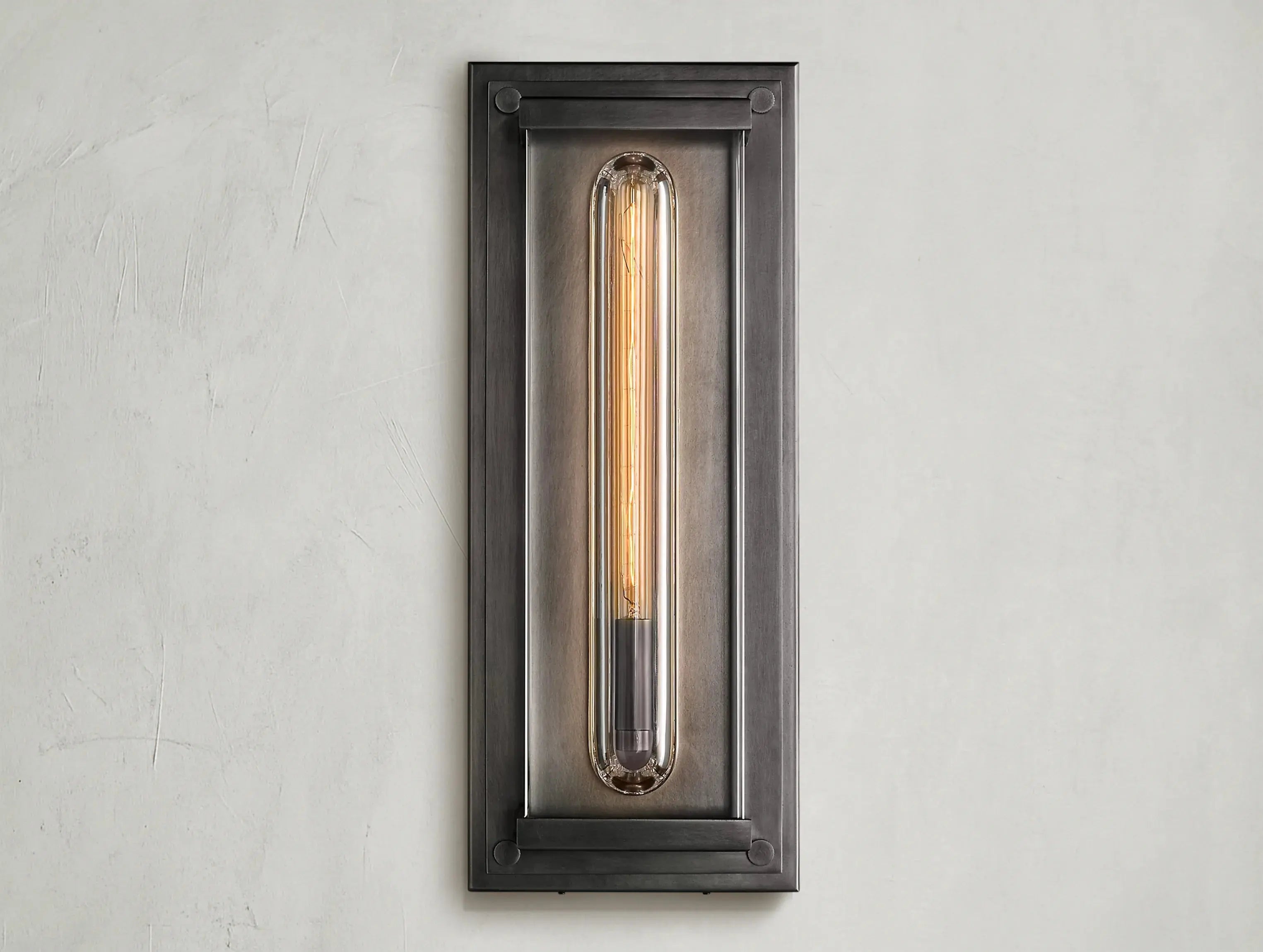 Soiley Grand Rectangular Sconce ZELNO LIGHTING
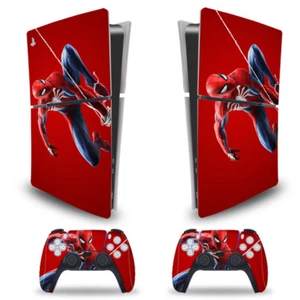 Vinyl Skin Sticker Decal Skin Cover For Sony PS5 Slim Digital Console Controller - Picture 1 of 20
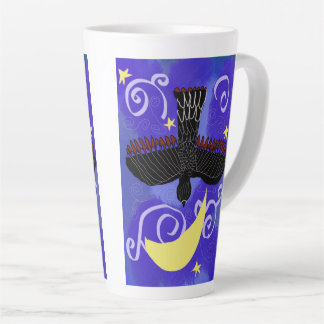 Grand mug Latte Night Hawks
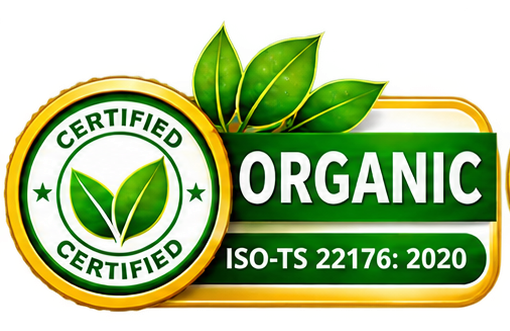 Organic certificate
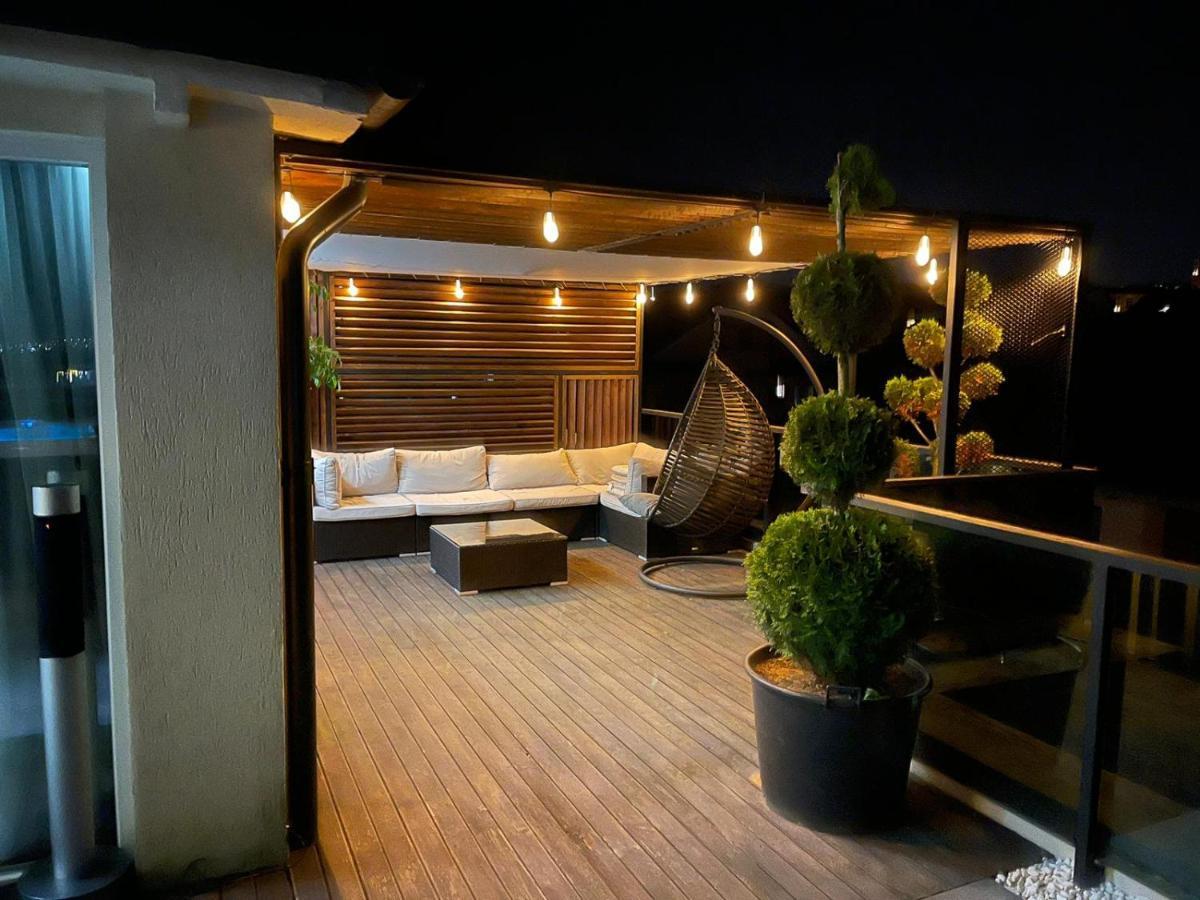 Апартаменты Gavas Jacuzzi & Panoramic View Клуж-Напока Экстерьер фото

+ + + +

Task details – Skip every picture and retype only the lines from the line with "Grand mug Latte Night Hawks" through the last line of the listing, both ends included, exactly as they appear.

Answer area –
 Grand mug Latte Night Hawks
 Organic certificate
 Апартаменты Gavas Jacuzzi & Panoramic View Клуж-Напока Экстерьер фото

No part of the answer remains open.